Summary:ASTERISK-28470: Mutex deadlock in audio_audiohook_write_list
Reporter:Andre Heber (a_heber)Labels:
Date Opened:2019-07-03 07:43:26Date Closed:2019-07-08 13:15:09
Priority:MajorRegression?
Status:Closed/CompleteComponents:Channels/chan_sip/General
Versions:16.3.0 Frequency of
Occurrence
One Time
Related
Issues:
Environment:CentOS 6.10Attachments:( 0) info_threads.png
( 1) mutex_1.png
( 2) mutex_2.png
( 3) stack_trace_1.png
( 4) stack_trace_2.png
Description:In main/audiohook.c in the function "audio_audiohook_write_list" is the following code:
{code:java}
   ast_audiohook_lock(audiohook);
if (audiohook->status != AST_AUDIOHOOK_STATUS_RUNNING) {
AST_LIST_REMOVE_CURRENT(list);
removed = 1;
ast_audiohook_update_status(audiohook, AST_AUDIOHOOK_STATUS_DONE);
ast_audiohook_unlock(audiohook);
{code}

But "ast_audiohook_update_status" also locks "audiohook" "if (audiohook->status != AST_AUDIOHOOK_STATUS_RUNNING)", which results in a frozen thread.

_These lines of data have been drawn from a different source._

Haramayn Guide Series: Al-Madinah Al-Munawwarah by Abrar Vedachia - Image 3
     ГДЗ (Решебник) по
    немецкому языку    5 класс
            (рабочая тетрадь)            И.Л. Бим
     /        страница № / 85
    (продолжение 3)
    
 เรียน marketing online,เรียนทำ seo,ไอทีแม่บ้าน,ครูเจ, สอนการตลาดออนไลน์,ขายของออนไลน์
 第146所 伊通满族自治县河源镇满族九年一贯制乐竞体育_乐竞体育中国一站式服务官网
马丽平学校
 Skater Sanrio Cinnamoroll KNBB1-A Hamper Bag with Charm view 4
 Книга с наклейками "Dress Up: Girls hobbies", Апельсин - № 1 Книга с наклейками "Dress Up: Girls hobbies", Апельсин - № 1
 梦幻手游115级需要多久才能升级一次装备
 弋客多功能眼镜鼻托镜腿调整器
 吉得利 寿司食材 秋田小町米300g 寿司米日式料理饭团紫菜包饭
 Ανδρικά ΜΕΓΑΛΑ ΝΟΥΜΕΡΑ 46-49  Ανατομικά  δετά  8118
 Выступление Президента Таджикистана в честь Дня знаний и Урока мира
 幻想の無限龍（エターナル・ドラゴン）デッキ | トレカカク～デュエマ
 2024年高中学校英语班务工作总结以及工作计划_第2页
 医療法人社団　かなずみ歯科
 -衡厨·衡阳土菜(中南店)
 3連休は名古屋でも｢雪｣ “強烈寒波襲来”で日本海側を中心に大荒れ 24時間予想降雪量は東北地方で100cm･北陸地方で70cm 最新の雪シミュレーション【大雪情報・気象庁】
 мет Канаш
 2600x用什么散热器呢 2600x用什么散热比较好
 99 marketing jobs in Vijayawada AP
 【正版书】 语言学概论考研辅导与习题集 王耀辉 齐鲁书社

This happens 3x in "audio_audiohook_write_list" and 1x in "dtmf_audiohook_write_list".
Comments:By: Asterisk Team (asteriskteam) 2019-07-03 07:43:27.650-0500

Thanks for creating a report! The issue has entered the triage process. That means the issue will wait in this status until a Bug Marshal has an opportunity to review the issue. Once the issue has been reviewed you will receive comments regarding the next steps towards resolution.

A good first step is for you to review the [Asterisk Issue Guidelines|https://wiki.asterisk.org/wiki/display/AST/Asterisk+Issue+Guidelines] if you haven't already. The guidelines detail what is expected from an Asterisk issue report.

Then, if you are submitting a patch, please review the [Patch Contribution Process|https://wiki.asterisk.org/wiki/display/AST/Patch+Contribution+Process].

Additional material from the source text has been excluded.